Dataset entries
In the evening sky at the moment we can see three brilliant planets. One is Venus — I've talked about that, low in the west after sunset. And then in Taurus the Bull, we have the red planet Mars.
---
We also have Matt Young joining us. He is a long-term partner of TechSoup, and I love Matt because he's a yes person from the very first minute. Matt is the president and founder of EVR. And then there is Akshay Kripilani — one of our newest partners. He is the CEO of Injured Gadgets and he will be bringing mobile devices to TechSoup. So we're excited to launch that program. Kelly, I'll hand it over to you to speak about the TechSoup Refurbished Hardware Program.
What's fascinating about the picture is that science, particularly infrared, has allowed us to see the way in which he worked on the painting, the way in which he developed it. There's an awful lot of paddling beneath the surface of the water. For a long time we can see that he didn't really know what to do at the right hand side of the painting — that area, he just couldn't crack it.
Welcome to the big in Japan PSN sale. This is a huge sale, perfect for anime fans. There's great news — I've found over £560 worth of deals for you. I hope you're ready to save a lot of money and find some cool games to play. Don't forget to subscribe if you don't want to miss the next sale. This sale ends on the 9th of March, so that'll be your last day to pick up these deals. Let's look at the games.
==
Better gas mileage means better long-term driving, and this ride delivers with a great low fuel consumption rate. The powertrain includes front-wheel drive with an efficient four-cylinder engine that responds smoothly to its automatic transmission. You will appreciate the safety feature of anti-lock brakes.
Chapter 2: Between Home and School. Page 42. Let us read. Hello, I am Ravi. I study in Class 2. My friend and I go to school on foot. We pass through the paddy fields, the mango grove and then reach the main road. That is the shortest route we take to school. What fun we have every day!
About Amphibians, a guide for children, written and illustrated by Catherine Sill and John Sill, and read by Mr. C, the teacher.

Directions for this task
After locating the line with "What's fascinating about" above, return that line and every later line through the one with "Welcome to the", word for word and with nothing else.

Task solution
What's fascinating about the picture is that science, particularly infrared, has allowed us to see the way in which he worked on the painting, the way in which he developed it. There's an awful lot of paddling beneath the surface of the water. For a long time we can see that he didn't really know what to do at the right hand side of the painting — that area, he just couldn't crack it.
Welcome to the big in Japan PSN sale. This is a huge sale, perfect for anime fans. There's great news — I've found over £560 worth of deals for you. I hope you're ready to save a lot of money and find some cool games to play. Don't forget to subscribe if you don't want to miss the next sale. This sale ends on the 9th of March, so that'll be your last day to pick up these deals. Let's look at the games.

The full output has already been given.